I was surprised at how Taipei is to New York, or any other city. The same personalities, classes, consumerism, markets, etc. I think once you’ve lived in a city, a rural area, and a suburb, you’ve lived everywhere.
It’s also surprising how easy it is to travel in a place where everything is written in a foreign language, and everyone speaks in a foreign language. The design of the metro system maps are very similar to any other. Color coded, designed well enough to understand. English where it’s necessary.

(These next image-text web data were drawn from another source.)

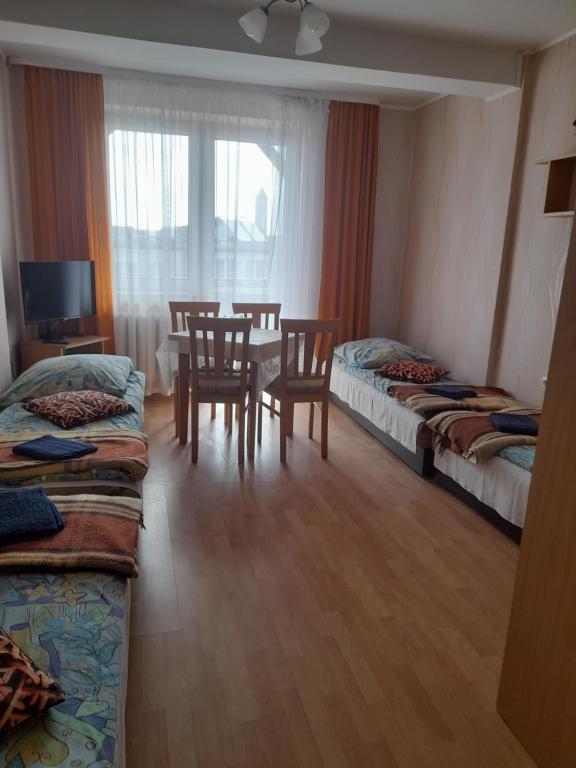 Postel nebo postele na pokoji v ubytování Ośrodek wczasowy Ewa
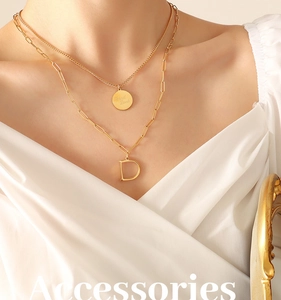 Detalle de collares a capas bañados en oro de 18K con letra D y colgantes Good Luck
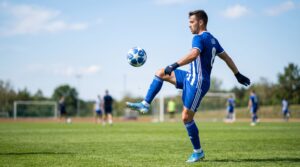 Player juggling a football with feet and thighs to improve touch and coordination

I had a difficult time the first day, but the next day was somehow easier. All I needed to do was figure out how to get from the hostel to the main street on which the metro is. The street signs are difficult to find, so I remember by landmarks. Many times I don’t know the landmark, but remember the sight once I see it. A smartphone isn’t necessary; It’s a little more fun to find the way to the destination asking people nearby to help, but it’s also a waste of time when you need to be somewhere.
Downtowns are all the same — big businesses, big banks, big brand shopping centers, big chain restaurants, but that’s not all there is in a city.
Taipei is a microcosm of Taiwan. You can find everything you want from Taiwan here, or very close to it. Really, there’s a hot spring a little north, the beach a little further, a mountain to the southeast, shops, neighborhoods. It’s not as exciting as going to Guanziling hot spring, or Alishan, and it doesn’t quite have the charm and pleasant weather of the east coast, but it’s enough.
If you’ve been to a city, one could feel that there isn’t much. It’s mostly shopping and eating. I’m not going to complete tourist destinations either. The city is repetitive; Night markets, giant malls of popular designers, random temples. Even other travelers at the hostel agree that there isn’t much to see.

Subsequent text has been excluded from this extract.